▶ EXERCISE: Give all of the data below again exactly, and drop the images.

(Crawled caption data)
BEGIN

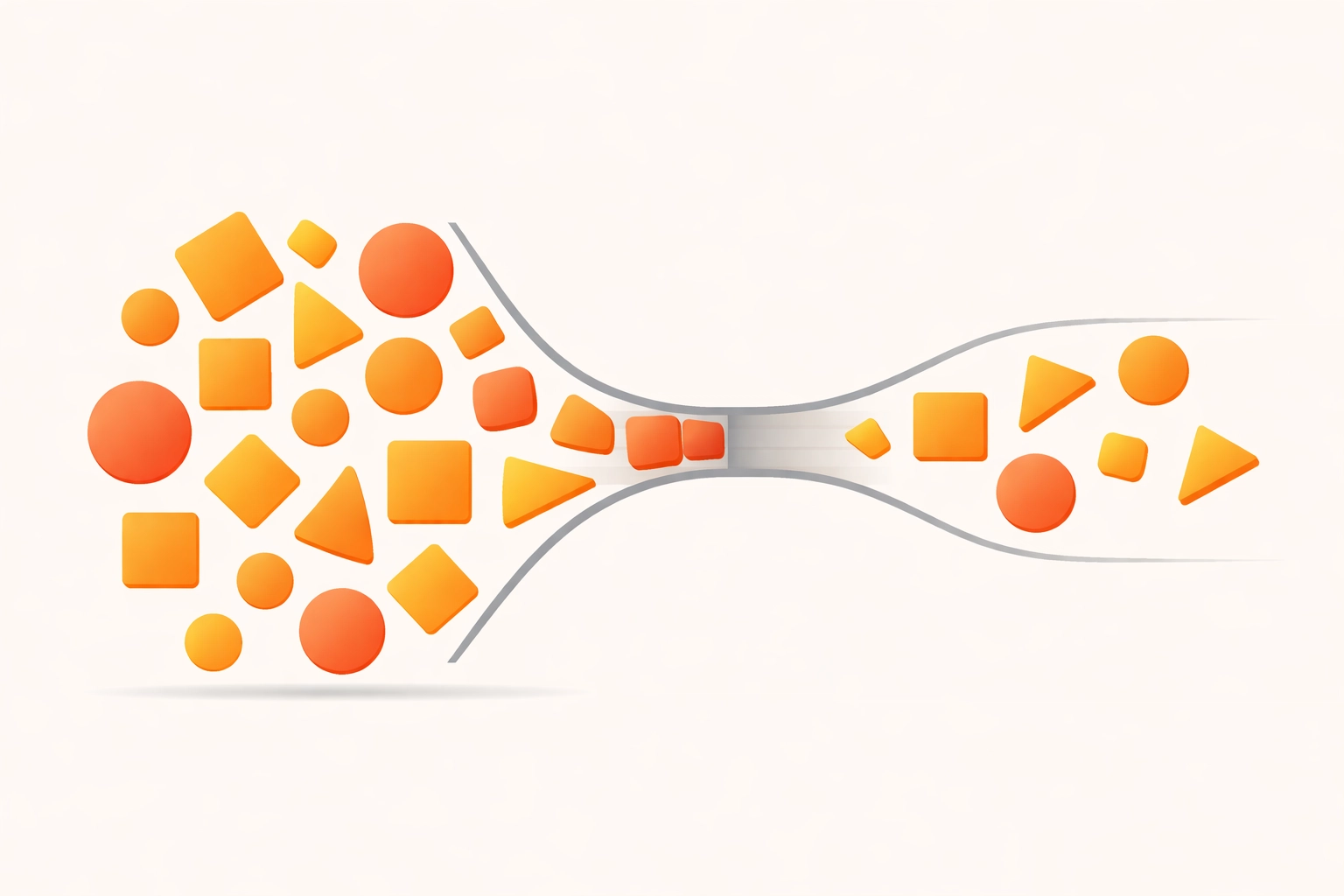 Visual representation of workflow bottlenecks and process optimization in graphic design projects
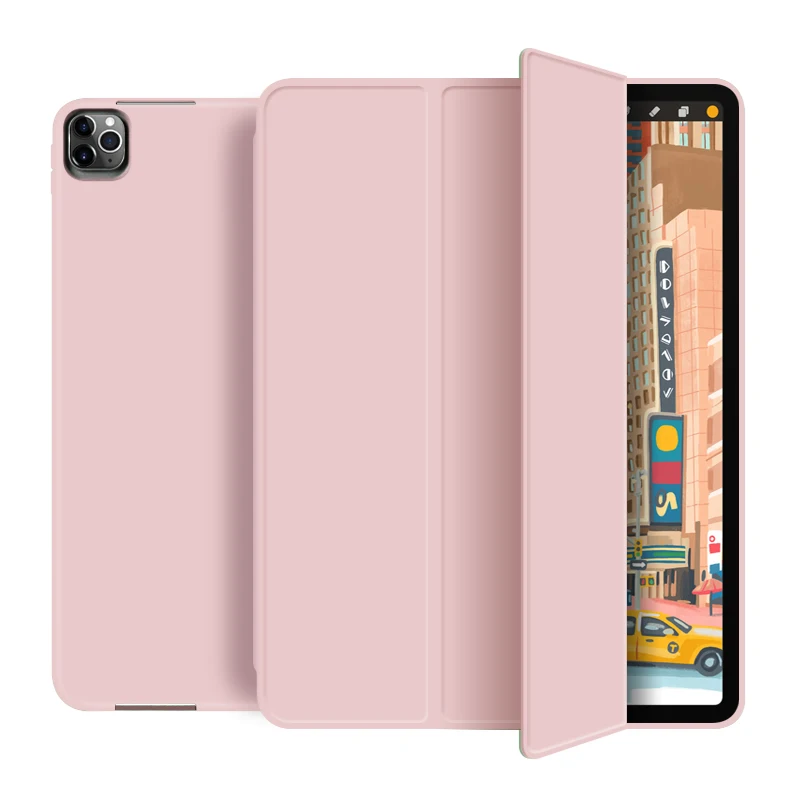 Soft Silicone TPU Back Case For Newest ipad 2020 pro 12.9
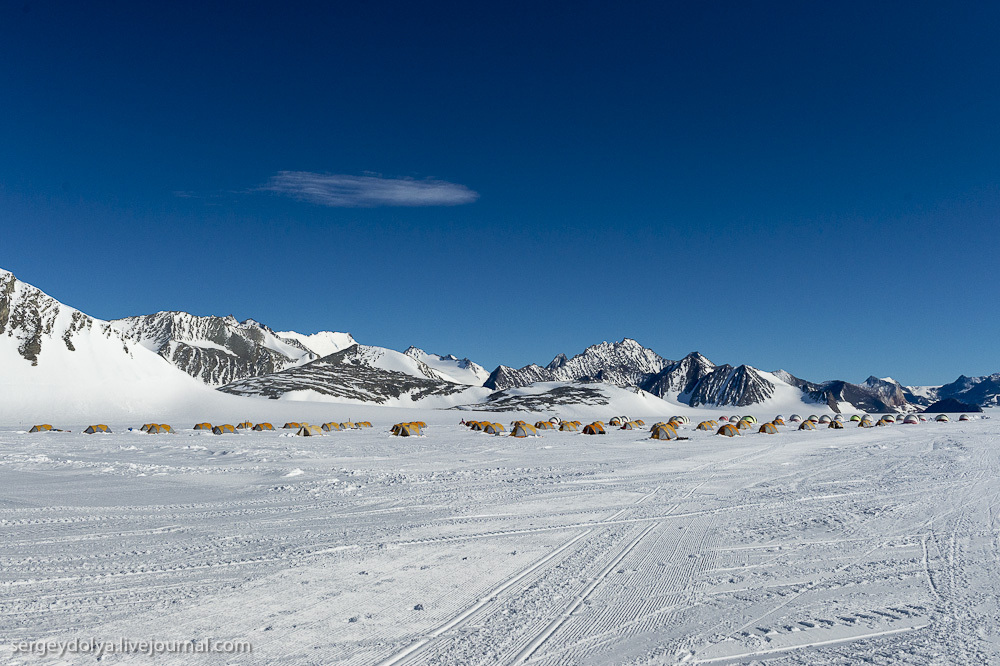 Южный полюс. Палаточный лагерь а Антарктиде. Часть 1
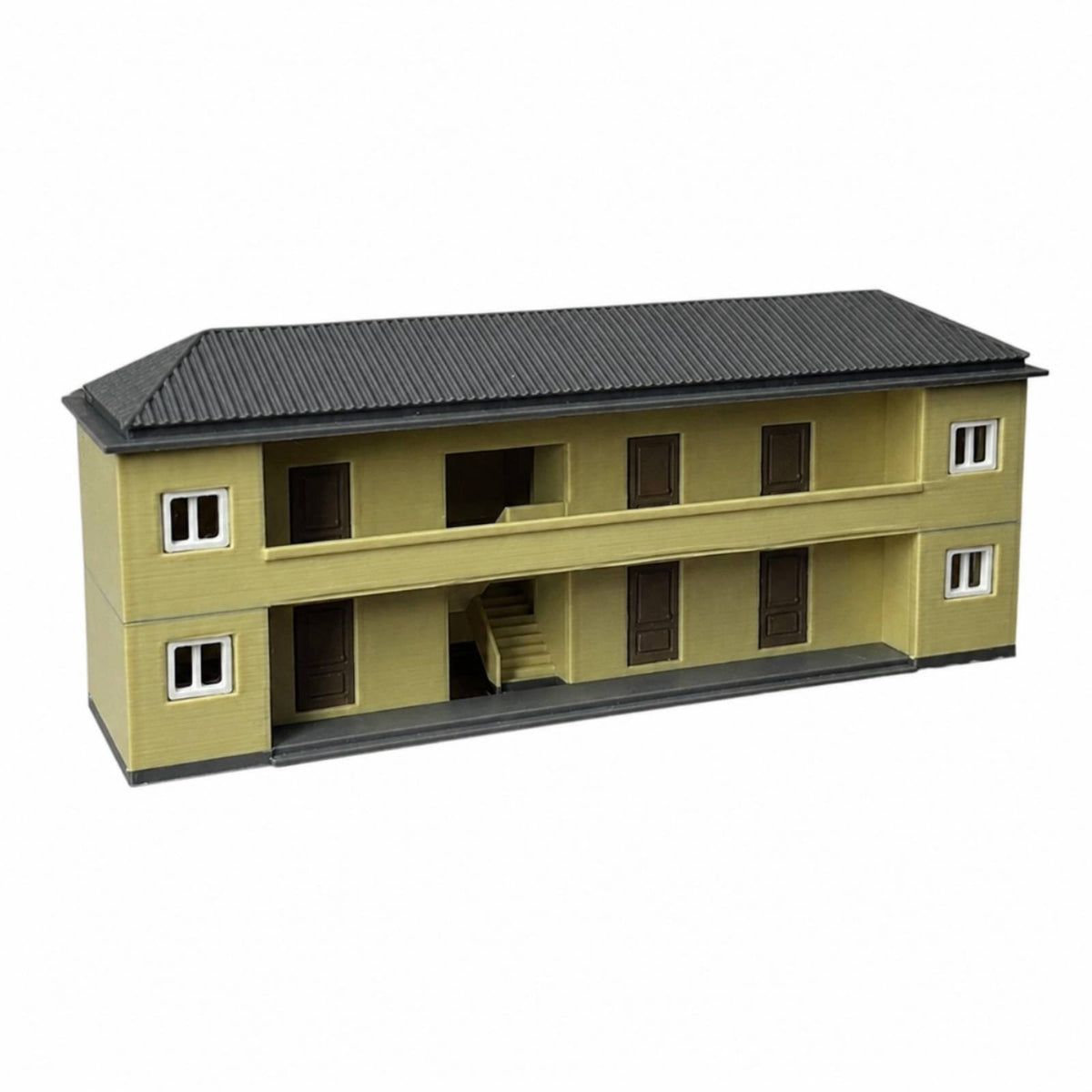 Model Railway Building Detailed Miniature Station Structure Display for Modelers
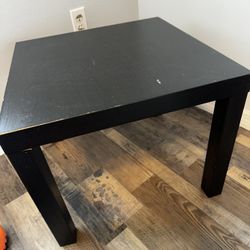 Black table 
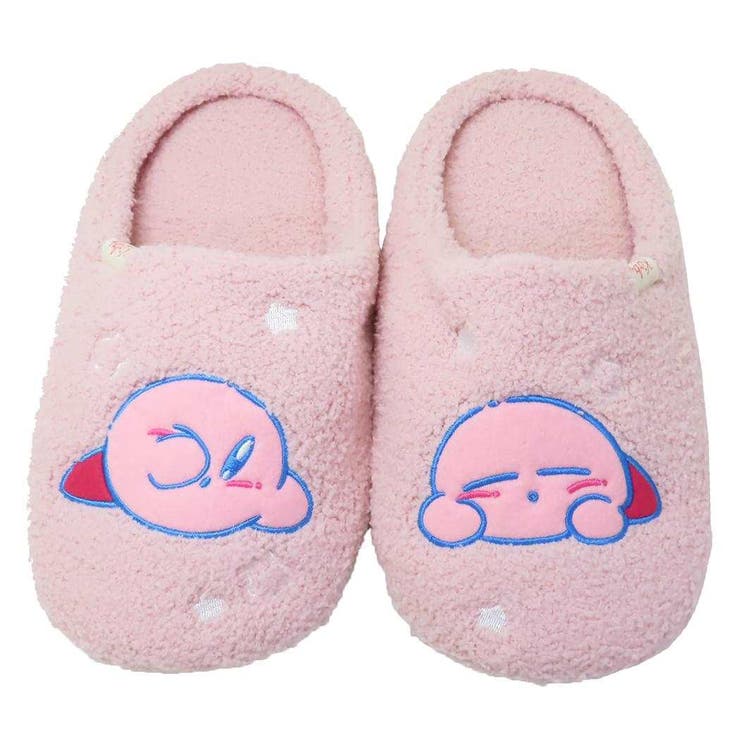 cinemacollection 星のカービィ スリッパ ルームシューズ おやすみカービィ 丸眞 室内履き キャラクタ..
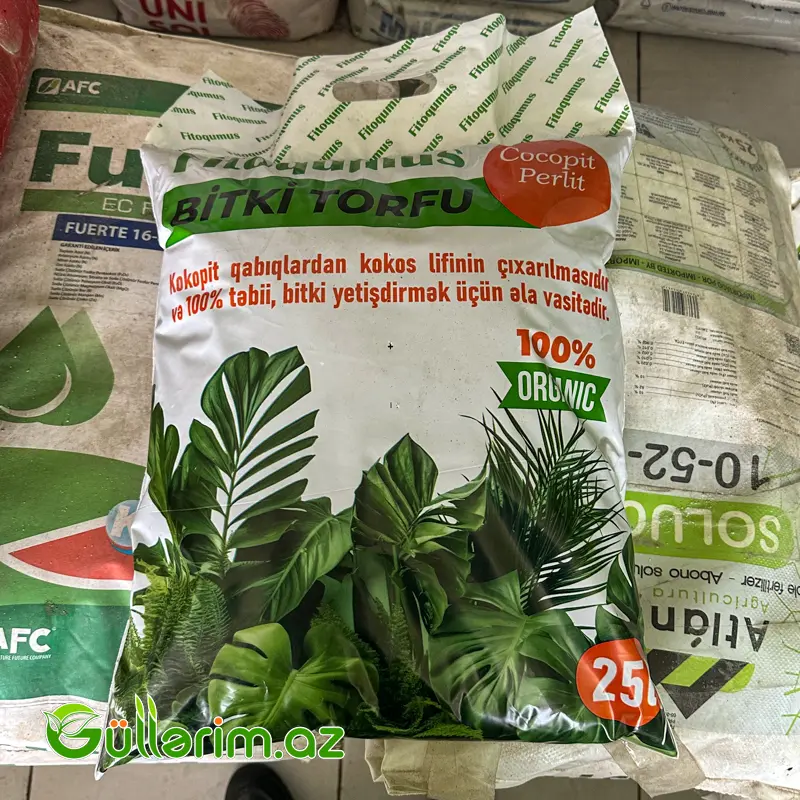 Fitoqumus Bitki Torfu (Cocopeat + Perlit) - 25L — Bakı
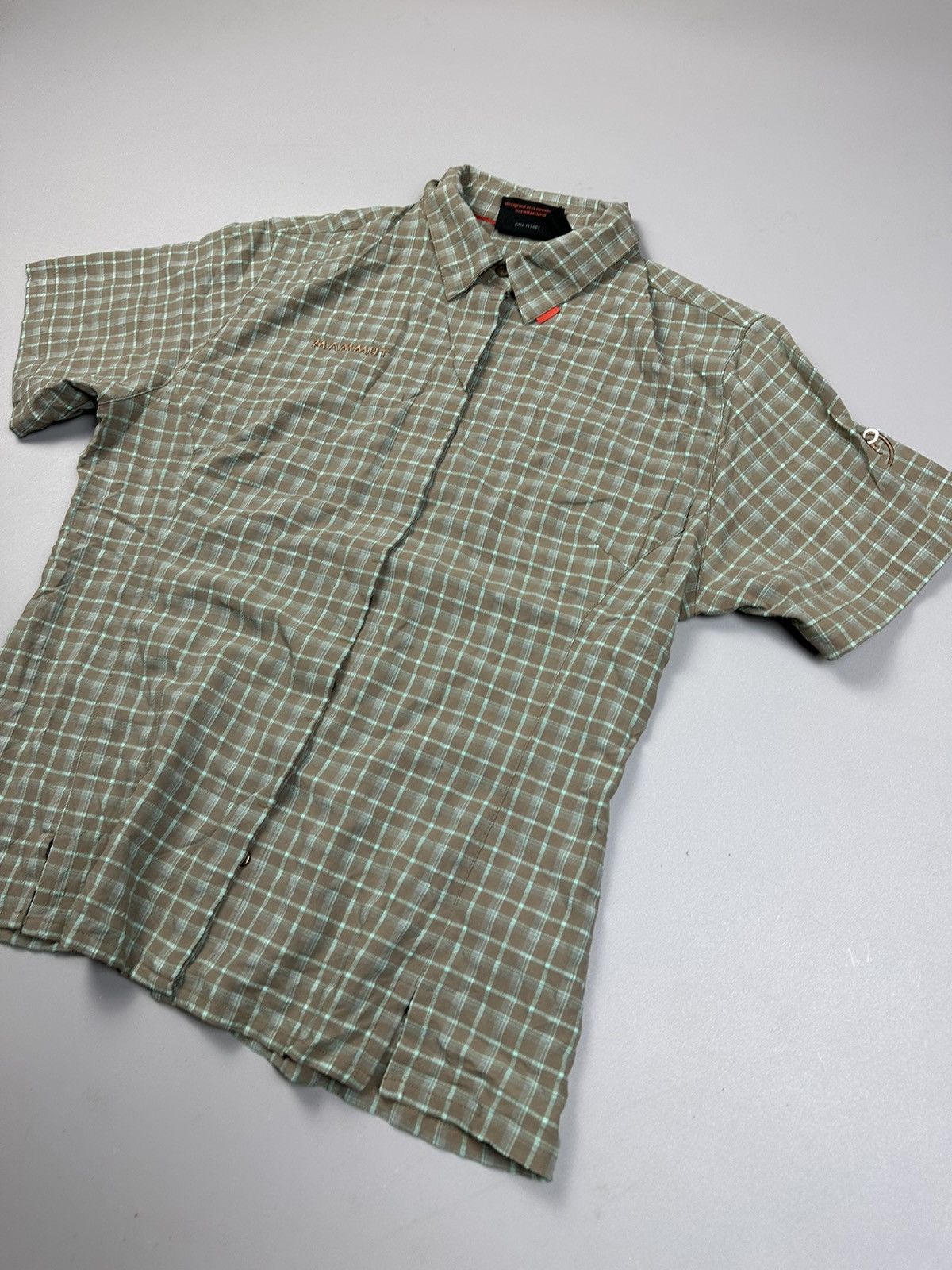 Mammut Outdoor Travel Button Shirt Checkered Mammut Size M / US 6-8 / IT 42-44 - 3 Thumbnail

END

▶ EXPECTED OUTPUT:
 Visual representation of workflow bottlenecks and process optimization in graphic design projects
 Soft Silicone TPU Back Case For Newest ipad 2020 pro 12.9
 Южный полюс. Палаточный лагерь а Антарктиде. Часть 1
 Model Railway Building Detailed Miniature Station Structure Display for Modelers
 Black table 
 cinemacollection 星のカービィ スリッパ ルームシューズ おやすみカービィ 丸眞 室内履き キャラクタ..
 Fitoqumus Bitki Torfu (Cocopeat + Perlit) - 25L — Bakı
 Mammut Outdoor Travel Button Shirt Checkered Mammut Size M / US 6-8 / IT 42-44 - 3 Thumbnail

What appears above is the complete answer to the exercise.